Thank you for volunteering!
Volunteers spent one to two weeks helping BASE by deploying portable seismometers in and around the Bighorn Mountains of northern Wyoming. Along with other field adventures, volunteers helped program the seismometers, and in pairs deployed 30-40 seismometers per day. Seismometers were placed along county roads and highways, some very remote.

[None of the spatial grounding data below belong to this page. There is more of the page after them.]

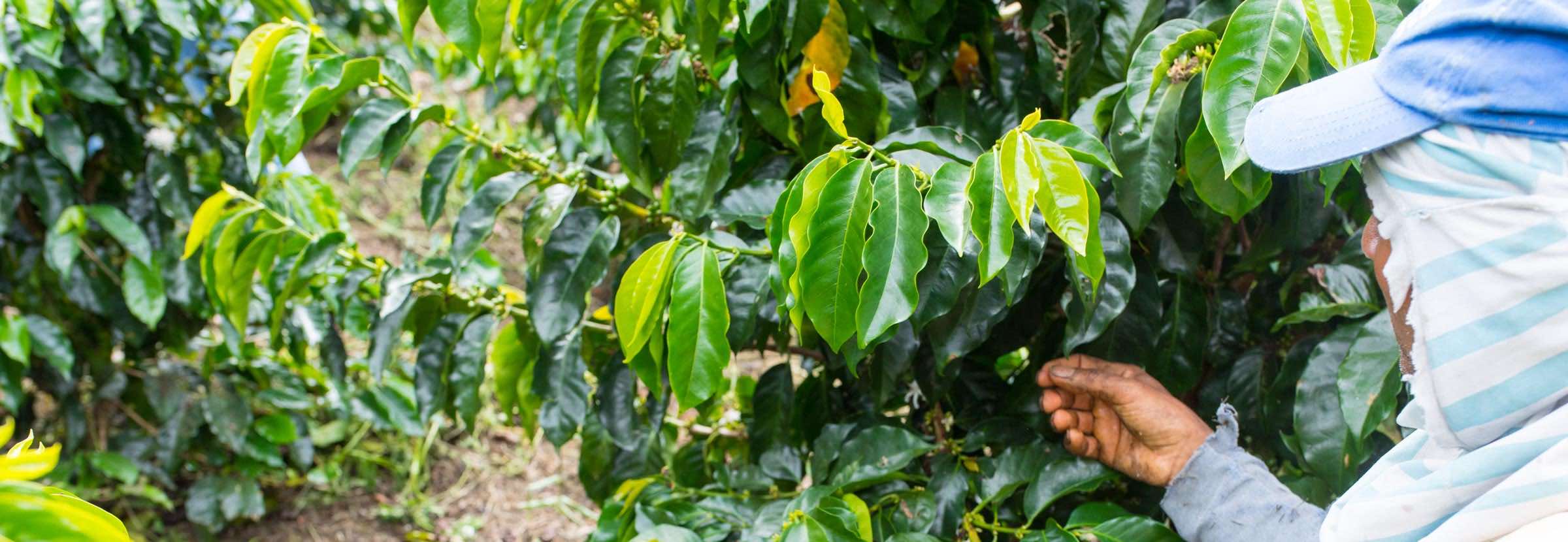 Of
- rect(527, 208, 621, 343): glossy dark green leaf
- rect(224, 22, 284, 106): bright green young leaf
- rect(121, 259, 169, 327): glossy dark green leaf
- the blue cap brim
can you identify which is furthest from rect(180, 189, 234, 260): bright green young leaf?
the blue cap brim

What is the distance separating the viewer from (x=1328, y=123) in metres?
0.91

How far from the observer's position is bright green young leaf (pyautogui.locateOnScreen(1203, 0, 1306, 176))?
3.42 feet

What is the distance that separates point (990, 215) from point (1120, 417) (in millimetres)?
489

Clockwise fom top left: about the Bighorns; view of the Cloud Peak Wilderness Area; tectonic models for the Bighorn range (see Project Design), and Sheep Mountain anticline. Learn all you need to know about the project from Dave Thomas (of IRIS PASSCAL instrument center, performing live in Shell):
2009/2010 Short Period and Broadband Installation:
In the summer of 2009, crews from the Colorado College and University of Colorado installed 38 broadband seismometers (top left) in a grid pattern across the Bighorns. 168 short period seismometers, installed by students at the University of Colorado (top right) followed in spring/summer 2010 on five transects across the mountains (see Project Design). The instruments were removed from September - November 2010.

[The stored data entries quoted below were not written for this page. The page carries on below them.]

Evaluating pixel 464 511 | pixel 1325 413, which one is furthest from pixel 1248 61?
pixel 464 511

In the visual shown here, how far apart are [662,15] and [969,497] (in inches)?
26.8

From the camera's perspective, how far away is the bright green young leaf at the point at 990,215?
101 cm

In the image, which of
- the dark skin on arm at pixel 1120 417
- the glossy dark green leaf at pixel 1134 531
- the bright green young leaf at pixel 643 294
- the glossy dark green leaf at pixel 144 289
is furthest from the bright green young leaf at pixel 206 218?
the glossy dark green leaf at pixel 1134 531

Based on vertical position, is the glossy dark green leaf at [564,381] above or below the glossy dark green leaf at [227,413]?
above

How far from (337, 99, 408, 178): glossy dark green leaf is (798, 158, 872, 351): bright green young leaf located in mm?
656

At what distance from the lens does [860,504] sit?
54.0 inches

Clockwise from top left: A completed broadband installation;Patrick Bastien (PASSCAL) installs a short period; up close with a 40-T1 short period seismometer; a cold day in November for removing short periods; Will Yeck (CU) palleting equipment for the return shipment to PASSCAL in October; Jeremy Silver (CU) digging a trench for the short period seismometer's cables. The seismometer, in the pink box, will be buried at the end of the trench. The battery, GPS and datalogger are in the box with the solar panel and will be left on the ground all summer.
Summer 2010 On Location:
Project participants on the west side of the mountains lived at the Iowa State University Geology Field camp near Shell, WY (above).
Project members on the east side of the Bighorns lived in a 5-bedroom rental house on the outskirts of Buffalo, WY. Below, project members on the porch, and geophones on the porch.

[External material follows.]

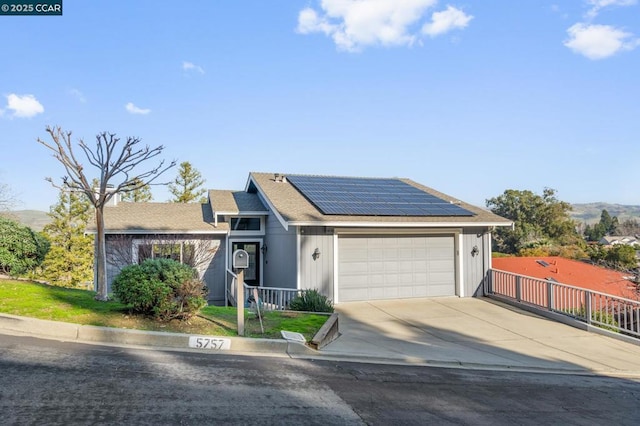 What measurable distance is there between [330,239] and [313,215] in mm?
928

In the field: installing geophones:
Over the course of four weeks, between 800 and 1850 small, high-frequency seismometers or geophones known as "Texans" were deployed at a spacing of 0.5 - 1 km along five transects (see Project Design). Earlier in the summer, a crew of surveyors put a pinflag at each Texan location to help our deployers.
Above: looking for pinflags in prarie grass.
Left: University of Colorado PI Anne Sheehan buries a Texan geophone. The data logger is bagged and also buried to reduce temperature fluctuations inside the unit. This seismometer is powered by two D-cell batteries.
Clockwise from top left: Keri Bean (TAMU) is a Texan installing a Texan in the Bighorns; swapping out D-call batteries from dataloggers; Morgan McDonnell (CU) makes a call on the Geo-Phone; a box of geophones. Texan geophones are installed vertically in the ground, stake down. The black cord connects to the battery-powered data logger, which digitallly records the seismic noise heard by the geophone.
In the field: active source:
In mid-July, 1850 Texan seismometers were deployed to record vibrations from 24 charges. Clockwise from top left: project participants "stem" a shothole; "Danger, vertical shaft!!"; UTEP PI Steve Harder prepares for a shot; and students hope to feel surface waves. The charges are detonated at night because ambient noise around the seismometers is minimal.
What else to do in Wyoming:
Clockwise from top left: Fishing; Eating; Sitting; Snake Wrangling; Hiking; Loving Buffalo's Pool.